Further inflation rose to 4.9 percent in November. For most of 2022, it will be above 2 percent. We expect inflation to continue to rise in the short term but to fall in the next year.

Inflation has risen mainly due to a steep rise in fuel prices, including gas and electricity. Energy inflation was responsible for over half the headline inflation in November. The demand continues to rise faster than the supply. This is evident in consumer goods prices and services recently reopened. The base effects of Germany’s VAT reduction are contributing to higher inflation but they will not last until the end.

It is uncertain how long this will take.
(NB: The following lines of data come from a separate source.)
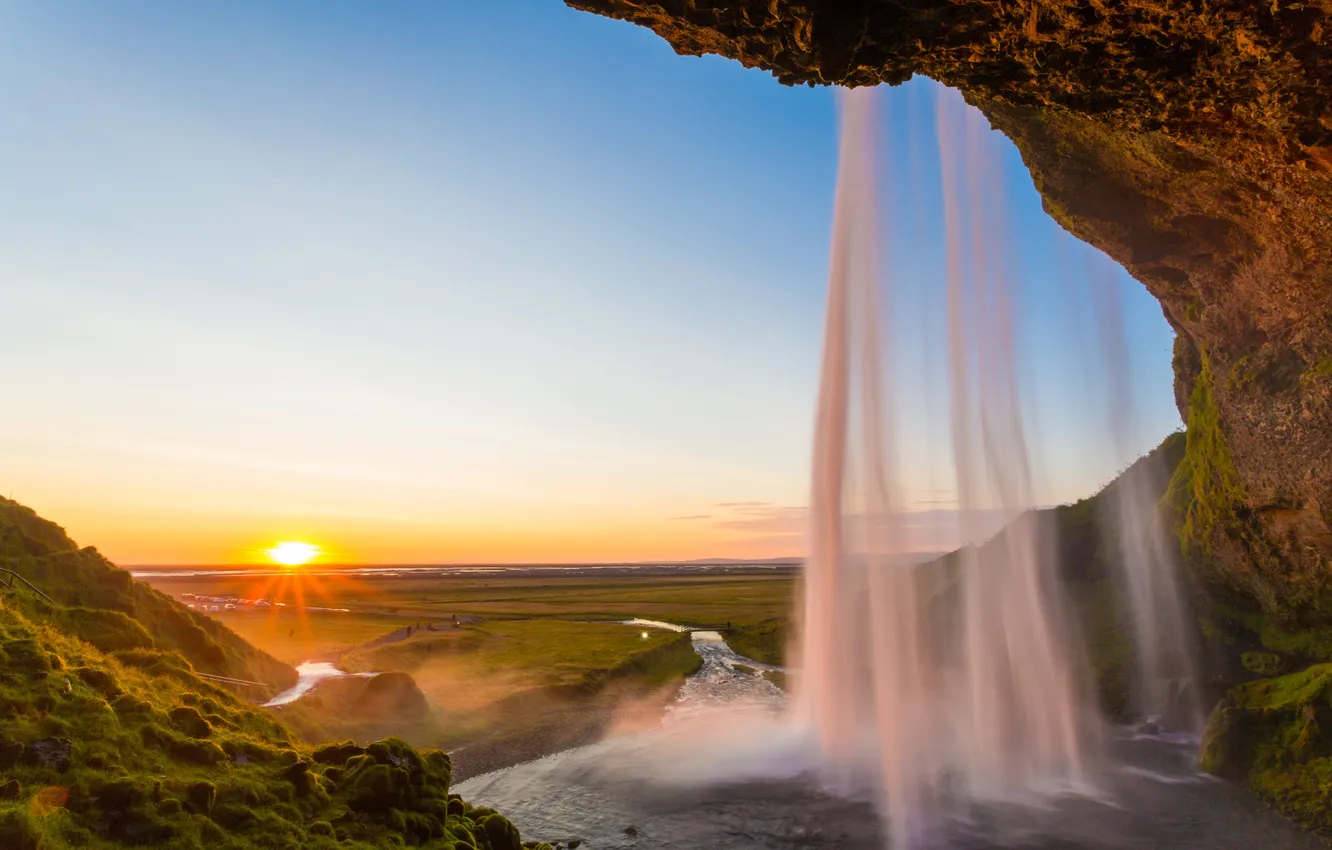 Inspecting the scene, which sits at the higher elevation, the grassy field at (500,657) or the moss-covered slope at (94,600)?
the moss-covered slope at (94,600)

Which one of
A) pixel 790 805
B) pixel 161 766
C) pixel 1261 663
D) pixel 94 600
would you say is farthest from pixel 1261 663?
pixel 94 600

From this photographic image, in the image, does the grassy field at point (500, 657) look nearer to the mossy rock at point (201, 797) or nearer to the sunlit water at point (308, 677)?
the sunlit water at point (308, 677)

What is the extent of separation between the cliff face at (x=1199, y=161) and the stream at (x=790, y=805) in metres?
12.3

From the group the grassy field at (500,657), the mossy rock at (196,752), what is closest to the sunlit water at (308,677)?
the grassy field at (500,657)

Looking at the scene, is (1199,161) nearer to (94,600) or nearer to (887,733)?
(887,733)

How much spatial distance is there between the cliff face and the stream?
12.3 m

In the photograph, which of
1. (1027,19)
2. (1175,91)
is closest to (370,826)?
(1027,19)

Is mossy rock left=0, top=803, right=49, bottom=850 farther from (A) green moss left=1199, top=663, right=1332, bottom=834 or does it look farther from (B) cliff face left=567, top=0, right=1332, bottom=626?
(A) green moss left=1199, top=663, right=1332, bottom=834

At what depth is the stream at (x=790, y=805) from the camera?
810 inches

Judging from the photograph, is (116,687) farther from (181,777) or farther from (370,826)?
(370,826)

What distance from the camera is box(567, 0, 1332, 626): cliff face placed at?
1090 cm

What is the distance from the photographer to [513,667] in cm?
4797

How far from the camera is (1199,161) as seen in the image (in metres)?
20.8

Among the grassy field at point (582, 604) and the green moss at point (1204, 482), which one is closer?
the green moss at point (1204, 482) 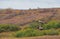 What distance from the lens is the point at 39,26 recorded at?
3841 centimetres

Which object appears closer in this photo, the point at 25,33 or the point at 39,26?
the point at 25,33

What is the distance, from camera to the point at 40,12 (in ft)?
171

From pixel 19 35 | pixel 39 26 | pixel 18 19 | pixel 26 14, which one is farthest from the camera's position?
pixel 26 14

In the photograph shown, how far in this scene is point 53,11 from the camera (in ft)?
171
We expect that energy prices will stabilize, that consumption patterns will normalise and that price pressures from global supply shortages to recede in 2022.

The gradual recovery of the economy’s full potential and continued improvements to the labor market will lead to faster wage growth. Both survey-based inflation forecasts and the market have been stable since October’s monetary policy decision. However, they have been closer to 2 percent over the past months. These factors will assist in underlying inflation rising and bringing headline inflation within our targets for the medium term.
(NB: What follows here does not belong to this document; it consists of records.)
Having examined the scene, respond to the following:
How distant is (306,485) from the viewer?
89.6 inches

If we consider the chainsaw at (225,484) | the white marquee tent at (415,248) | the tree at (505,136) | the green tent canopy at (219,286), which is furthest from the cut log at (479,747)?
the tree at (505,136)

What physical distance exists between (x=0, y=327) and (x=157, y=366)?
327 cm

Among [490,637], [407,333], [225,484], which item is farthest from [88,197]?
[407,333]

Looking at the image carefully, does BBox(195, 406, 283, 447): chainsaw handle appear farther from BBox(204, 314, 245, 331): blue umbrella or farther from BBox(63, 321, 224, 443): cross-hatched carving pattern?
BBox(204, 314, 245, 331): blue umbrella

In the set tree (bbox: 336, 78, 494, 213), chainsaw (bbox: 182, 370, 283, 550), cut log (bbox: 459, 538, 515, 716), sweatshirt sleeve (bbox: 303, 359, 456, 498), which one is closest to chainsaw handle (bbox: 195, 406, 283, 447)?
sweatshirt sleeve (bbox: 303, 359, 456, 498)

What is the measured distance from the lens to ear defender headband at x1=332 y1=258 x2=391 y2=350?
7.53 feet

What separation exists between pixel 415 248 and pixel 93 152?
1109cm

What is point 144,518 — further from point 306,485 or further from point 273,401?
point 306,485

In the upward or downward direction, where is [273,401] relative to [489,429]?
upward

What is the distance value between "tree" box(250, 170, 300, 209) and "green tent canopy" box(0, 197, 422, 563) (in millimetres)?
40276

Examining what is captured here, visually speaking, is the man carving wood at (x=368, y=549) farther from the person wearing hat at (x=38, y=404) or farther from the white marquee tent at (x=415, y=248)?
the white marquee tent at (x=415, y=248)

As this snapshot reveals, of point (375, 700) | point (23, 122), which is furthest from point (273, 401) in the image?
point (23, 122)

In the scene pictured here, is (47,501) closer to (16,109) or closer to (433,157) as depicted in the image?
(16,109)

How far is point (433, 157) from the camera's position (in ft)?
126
Our new staff projections foresee annual inflation at 2.6 per cent in 2021, 3.2 per cent in 2022, 1.8 per cent in 2023, and 1.8 per cent in 2024 – significantly higher than in the previous projections in September. The inflation rate excluding food, energy, and other items is expected to be 1.4% in 2021 and 1.9% in 2022. It will also rise by 1.7% in 2023 and 1.7% in 2024. This projection is even higher than the September projections.

Risk assessment

Our view of the risks to economic outlook is broadly balanced. We believe that economic activity will outperform the expectations of our forecasts if people are more confident about their finances and make less money than they expect. The recent pandemic and its spread could have a greater impact on economic growth. Risks to recovery and inflation outlook are the path and pace of future energy prices. Inflation could rise if price pressures lead to wage increases that are higher than expected or the economy recovers faster to its full potential.

Monetary and financial conditions

The October Governing Council meeting has seen market interest rates remain stable. The historical low rates of bank lending to households and firms are still a problem. The overall financing environment for the economy remains favorable. The short-term funding requirements of businesses, which are exacerbated by supply shortages and increased working capital costs, is partly what drives lending. Corporate demand for loans continues to be moderated by retained earnings, high cash reserves, and high debt. Lending to households remains robust – driven by demand for mortgages.

Due to lower non-performing loans and higher capital ratios, the balance sheets of Euro area banks are now stronger. Today, banks are as profitable now as they were prior to the pandemic. Overall, bank funding conditions are still favorable.

The Governing Council reviews twice a year, in line with the new monetary strategy, the relationship between monetary and financial policy. A accommodative policy supports growth and protects the financial stability of institutions as well as companies’ balance sheets. The impact of accommodative monetary policy on the financial market and property markets needs to be closely monitored as many medium-term vulnerabilities are increasing. Macroprudential policies remain the best line of defense in maintaining financial stability and dealing with medium-term risks.

Conclusion

The euro area’s economy has continued to improve despite slowing growth in the short term. Inflation has been accelerated by the sharp increase in energy costs and constrained supply in certain industries. While inflation will continue to exceed our targets for the majority of 2022 it is expected that it will ease over the next year. We can also stop net buying under the PEPP due to the economic recovery and our progress towards the medium-term inflation target. But monetary accommodation is still needed – including net purchases under the APP and our forward guidance on interest rates – for inflation to stabilise at our two per cent inflation target over the medium term.

Now we are available to answer your questions.